In a statement this afternoon, Dr Colm Henry urged more people to get their Covid vaccine or booster, adding that although there was a reduction in virus infection in recent months, there has been a sharp increase in cases and hospitalisations in recent weeks.

"This rise may be attributable in part to emerging variants of Omicron, which can evade immunity from either natural infection with a previous variant or vaccination," Dr Henry said.

He said that many of those hospitalised with the virus did not receive either their booster vaccine or a primary vaccination course.

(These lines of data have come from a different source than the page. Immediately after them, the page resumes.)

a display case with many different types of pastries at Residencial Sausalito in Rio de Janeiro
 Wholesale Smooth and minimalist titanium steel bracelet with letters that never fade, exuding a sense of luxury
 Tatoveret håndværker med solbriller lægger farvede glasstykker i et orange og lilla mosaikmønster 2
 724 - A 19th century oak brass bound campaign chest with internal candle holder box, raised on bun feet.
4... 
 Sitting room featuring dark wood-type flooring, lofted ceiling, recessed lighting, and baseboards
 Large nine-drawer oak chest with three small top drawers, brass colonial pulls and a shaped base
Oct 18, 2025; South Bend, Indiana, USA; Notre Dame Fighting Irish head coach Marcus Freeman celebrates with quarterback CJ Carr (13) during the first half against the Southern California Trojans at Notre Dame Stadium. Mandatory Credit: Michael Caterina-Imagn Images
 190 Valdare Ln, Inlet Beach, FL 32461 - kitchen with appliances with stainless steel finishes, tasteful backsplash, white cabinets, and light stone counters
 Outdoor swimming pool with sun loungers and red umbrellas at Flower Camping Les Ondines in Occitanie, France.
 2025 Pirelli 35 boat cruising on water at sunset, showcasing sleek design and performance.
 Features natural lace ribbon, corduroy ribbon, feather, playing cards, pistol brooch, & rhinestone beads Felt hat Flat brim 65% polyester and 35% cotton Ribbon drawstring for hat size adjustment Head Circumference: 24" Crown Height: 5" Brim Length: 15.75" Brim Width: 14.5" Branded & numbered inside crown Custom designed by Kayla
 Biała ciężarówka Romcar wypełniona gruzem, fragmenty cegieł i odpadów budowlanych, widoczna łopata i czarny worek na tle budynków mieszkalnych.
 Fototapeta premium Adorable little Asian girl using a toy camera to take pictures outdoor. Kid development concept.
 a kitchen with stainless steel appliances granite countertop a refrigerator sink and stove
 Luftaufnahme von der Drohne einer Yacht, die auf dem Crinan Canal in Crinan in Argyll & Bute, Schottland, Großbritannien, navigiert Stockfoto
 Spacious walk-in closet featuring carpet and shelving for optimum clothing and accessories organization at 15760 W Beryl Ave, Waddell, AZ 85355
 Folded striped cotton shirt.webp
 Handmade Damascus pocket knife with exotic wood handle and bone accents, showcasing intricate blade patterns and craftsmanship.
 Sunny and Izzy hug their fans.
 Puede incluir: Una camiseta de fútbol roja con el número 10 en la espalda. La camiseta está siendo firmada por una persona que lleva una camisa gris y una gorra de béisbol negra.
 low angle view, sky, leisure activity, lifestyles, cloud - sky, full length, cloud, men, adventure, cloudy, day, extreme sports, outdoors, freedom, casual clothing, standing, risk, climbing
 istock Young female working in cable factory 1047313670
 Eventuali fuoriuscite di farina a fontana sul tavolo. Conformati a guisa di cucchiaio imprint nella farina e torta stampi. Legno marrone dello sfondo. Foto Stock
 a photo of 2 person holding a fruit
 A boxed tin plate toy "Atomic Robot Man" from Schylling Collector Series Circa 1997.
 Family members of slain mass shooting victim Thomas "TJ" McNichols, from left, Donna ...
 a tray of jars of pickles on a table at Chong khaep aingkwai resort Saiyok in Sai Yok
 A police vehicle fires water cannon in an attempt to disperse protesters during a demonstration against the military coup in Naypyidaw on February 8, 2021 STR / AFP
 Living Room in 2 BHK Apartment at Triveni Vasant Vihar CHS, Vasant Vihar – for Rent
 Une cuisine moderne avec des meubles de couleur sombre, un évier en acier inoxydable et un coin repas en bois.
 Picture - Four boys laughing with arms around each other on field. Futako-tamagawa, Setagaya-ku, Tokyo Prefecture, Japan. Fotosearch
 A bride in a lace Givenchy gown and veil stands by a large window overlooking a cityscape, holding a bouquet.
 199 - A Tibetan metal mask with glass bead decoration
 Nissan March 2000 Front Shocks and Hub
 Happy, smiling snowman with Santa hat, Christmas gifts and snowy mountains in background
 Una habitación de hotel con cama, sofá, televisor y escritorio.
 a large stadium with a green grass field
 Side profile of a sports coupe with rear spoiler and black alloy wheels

Dr Henry added that scale of Ireland’s vaccine uptake, particularly in 2021, played a huge part in reducing the harm caused by the virus.

"Covid-19 vaccination is critical to ensure people are protected from serious illness, particularly those who are most vulnerable," he said.

Dr Colm Henry (File photo:

This advice, he said, was especially important for those who are 65-years-old or older, and those who are 12 years or older with a weak immune system who have yet to get their second booster vaccine.

As of 8am, there were 496 people in hospital with the virus, which is an increase of 19 on the same time yesterday.

Of these, 25 are being treated in intensive care units, down one on yesterday.

Speaking on RTÉ's Your Politics podcast, Minister for Health Stephen Donnelly added that if Covid cases in hospitals go above 1,300 to 1,400, then "you will have to start cancelling operations".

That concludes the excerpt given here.